Wow, so many thoughts on this...where to start? Personally, i definitely think its a regional thing. I live in one of the worst cities in the world for dating (NYC) and i've always joked for years that shows like Sex and The City screwed up New York women for a good generation or two. Every professional woman here thinks they are SJP and looking for their own Mr.Big. Except, they're not. New York has the largest collection of 5's and 6's who think they're deserving of 10's than anywhere else in the world. That in itself makes dating hard here. Their neurotic-ness has put some unbelievable expectations on men. A blue collar guy isn't considered attractive to them even though he has a steady job and benefits.

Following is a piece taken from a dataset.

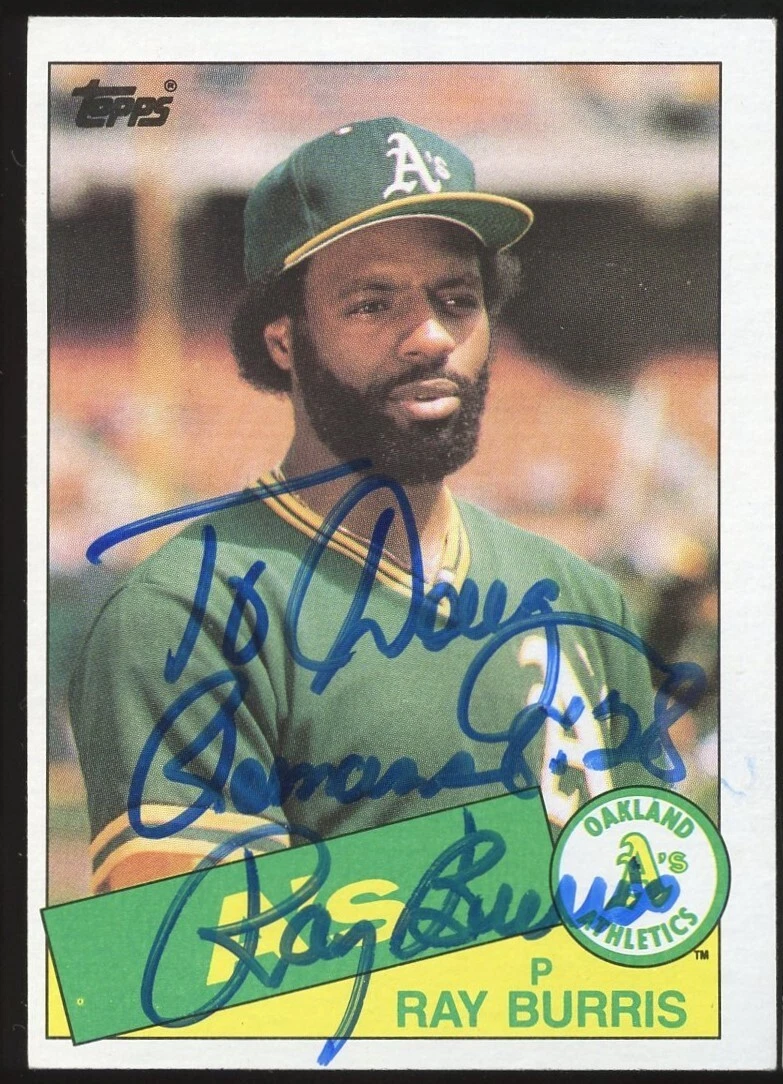 Ray Burris #758 signed autograph auto 1985 Topps Baseball Trading Card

I remember a buddy of mine was telling a story the other day about some women he overheard the other day at lunch joking about how they only date men who have an IRA or at least a six digit salary. All i could do was shake my head. You know why marriage is so fucked in this country? Because no one is willing to work together to make anything anymore. It has to come ready made and ready to ship out. I'm not absolving men at all as to why the state of most relationships today is a tragedy of super selfish proportions but women who "refuse to settle" are gonna keep waiting for that Mr. America float to show up and find that the whole parade has passed them by.
Truthfully in this area it happens a lot the only draw back is you have a bunch of women bitter because a friend they deem lesser than them gets a "Mr. Big" type(some dude on Wall St or who comes from money). They spend a lot of time wondering why they can't go on really nice vacations to places like Dubai or Turks and Cacos on some one elses dime even though many of them can afford to pay for themselves. Its a city wide epidemic. Dude was not lying when he said Sex and The City really fucked up the game for a generation or two. Not to mention the part about a bunch of 5s and 6s who think they're 10s, couldn't have phrased it better myself. The problem with places like NY is that there is an unbelievably large number of good looking people the bigger problem is: 1. Finding people with options who are truly willing to commit (a lot of cheating) 2. People who greatly over estimate their value. Its like going to an Ivy League school and being around a bunch of rich kids. Hanging out with them and having access to their lifestyle might delude you into believing that its your lifestyle too. You forget you have to work up to that level because you weren't born into that shit like they were. Let me also add I have to disagree on one thing. NY is great for dating but horrible for anything long term. Love rarely if ever exists in a place that's mostly about money and entertainment.
You just supported my whole point with that last sentence. You are not where you want to be or think you should be physically and/or financially, yet your girl finds you desirable in spite of that. Your physical appearance and the size of your bank account are not her only priorities. A rarity in NY, perhaps, but you now know firsthand that we look for a man that we connect with on more than one or two levels. And men, if they're honest, will say the same thing. If a man wants a serious relationship, I have to think he will want more than someone whose beauty only goes skin deep.
Ches while I appreciate your sentiment a single instance not a trend does it make. Am I grateful and happy? Yes but I recognize this is far from the norm. Also I think we clatified earlier that the YT posters theories were more about single younger without kids. Women of ypur experience tend not to think that way.
I believe that post should be addressed to Panino, since he "insists" it does. (but never typed it in his posts). My 'yeah I noticed" and sarcasm smiley was, well sarcasm. Now why pray-tell would I want to make a thread like this one? I feel?? If you notice, we women have NOT been saying we pander to men - what I KEEP seeing from YOU however, is MEN PANDER to women. See the difference? Of course not.
u are rite on point. a lot of females have taken on that TV shit and believed it....a lot of men have gone way to0 far on the ends of the spectrum with that metrosexual bullshit or being a gangster rapper shit
Correct. And you know what else? Our girlfriends too. If you knew the heartache I and my girls have gone through for/over men, you wouldn't type what you all have been. And I know I don't speak alone. We don't expect our men to be these knights on horses. We meet our men halfway when we can, we have their backs, we love them and want to be loved by them. Don't let SITC or sitcoms fool you. That's NOT real life.
Is this about weight and looks again and about how average looking women say they are not picky yet want tall men but get mad when average men say they want women who have tight bodies? OH SNAP!!